This blog post announces
pts-line-bisect,
a C
program and an equivalent
Python
script and library for doing binary seach in
line-sorted text files, and it also explains some of the design details
of the Python implementation.
Let's suppose you have a sorted text file, in which each line is
lexicographically larger than the previous one, and you want to find a
specific range of lines, or all lines with a specific prefix.
I've written
the program pts-line-bisect
for that recently. See the beginning of the
README
on many examples how to use the C program. The Python program has fewer features,
here is how to use it:
- Closed ended interval search: print all lines at least bar and at most foo:
$ python pts_line_bisect.py -t file.sorted bar foo
- Open ended interval search: print all lines at least bar and smaller than foo:
$ python pts_line_bisect.py -e file.sorted bar foo
- Prepend position: print the smallest offset where foo can be inserted (please
note that this does not report whether foo is present, always exit(0)).
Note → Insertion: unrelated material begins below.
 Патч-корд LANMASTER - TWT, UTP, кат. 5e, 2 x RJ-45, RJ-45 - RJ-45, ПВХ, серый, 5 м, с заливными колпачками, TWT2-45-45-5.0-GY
$ python pts_line_bisect.py -oe file.sorted foo
- Append position: print the largest offset where foo can be inserted (please
note that this does not report whether foo is present, always exit(0)).
$ python pts_line_bisect.py -oae file.sorted foo
- Exact range: print the range (start byte offset and after-the-last-byte end
offset) of lines containing only foo:
$ python pts_line_bisect.py -ot file.sorted foo
Please note that these tools support duplicate lines correctly
(i.e. if the same line appears multiple times, in a block).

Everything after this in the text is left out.